Monday 21 March 2011

'Maplewood House is essential': A sibling's story


Maplewood house.

Where to start. My sister Sarah attended Maplewood from a young age until she was 18 when she was required to leave due to her age. Sarah has ataxic cerebal palsy as well as being extremely hyperactive and in general very demanding. She loves to run around and make as much noise as possible which made life in our house very interesting.

When my sister went to Maplewood every Tuesday night for a sleepover that gave me the chance to have some ‘normal’ time with my parents. You can't fully appreciate how much of a difference this time can make to both parents and siblings.
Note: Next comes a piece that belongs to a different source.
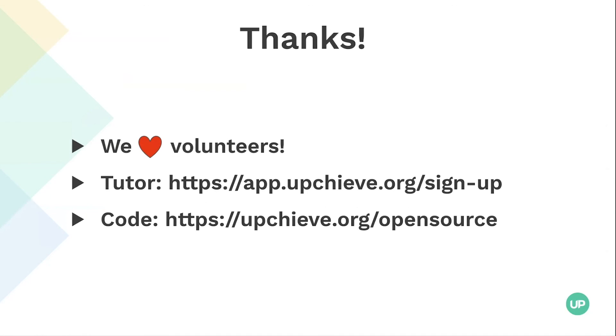That's my lightning talk. We love volunteers. You can join as a tutor. We're also open source and we love contributors. So please stop by either of those two links if you can. Thanks.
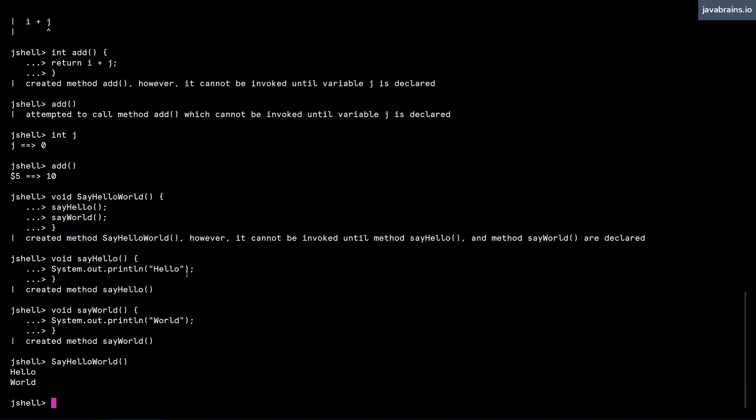But in the case of a REPL, in the case of this kind of prompt situation, you cannot have everything created in one shot. You're basically building the program incrementally. So JShell has to allow forward references because otherwise you really cannot achieve certain programming constructs.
We could do things that every day families take for granted, we could go food shopping without worrying she would run off in the supermarket and even worse have a tantrum, we could go to the cinema which with my sister present was an impossible feat or just sit at home watching TV together, which was never possible when Sarah was home as she would just run around the house and never stop.

One weekend a month we were lucky enough that she would go straight from School on the Friday and we would pick her up on Sundays. You can't comprehend how much a weekend can mean to families in our position. A whole weekend can seem like a week, a whole weekend where you don’t have to worry did I lock the front door, is the kitchen locked, living with my sister every room apart from hers and the living room had to be locked for safety reasons.

Having a weekend or a night where you don’t have to worry is well priceless. It was during these sleepovers that my sister would go on that I had the chance to have friends over without worrying how she would be with them or what they would think of Sarah.

These nights ‘off’ we got were so invaluable to our family I don’t think I could ever put in to words the difference it made to our lives. That one night a week felt like the world had been lifted off your shoulders.

As a sibling of a disabled child it can sometimes feel like you are very alone and that you come second to your sibling. Deep down you know that you are just as important to your parents as your sibling but due to all the time and attention disabled children command it can not be helped. And the extremely valuable time where your sibling is having a sleepover at Maplewood means you are number 1 with your parents for the night. Now that might actually sound very selfish but believe me as a sibling in this situation you learn not to be selfish, you actually want to do everything you can for your sibling and spend as much time with them as you can.

The nights that my sister got to go to Maplewood became even more important when I was studying for my GCSE’s, A-Level’s and for my Degree. I knew on these nights I could study without my sister wanting to play, or my sister having a tantrum or Sarah just being Sarah and running round the house signing! These nights enabled me to study in peace and in the long run helped me to pass the exams and forge a good career for myself.

The work and support that Maplewood house provide can not have any value put on it, they provide love, care and support for the most vulnerable children there are in any county, so that parents and siblings can have a break and have some ‘normal’ family time.

Maplewood house is needed by the families of Lancashire and I for one as a sibling of a child who previously used Maplewood cannot stress enough how much of an essential facility Maplewood House is.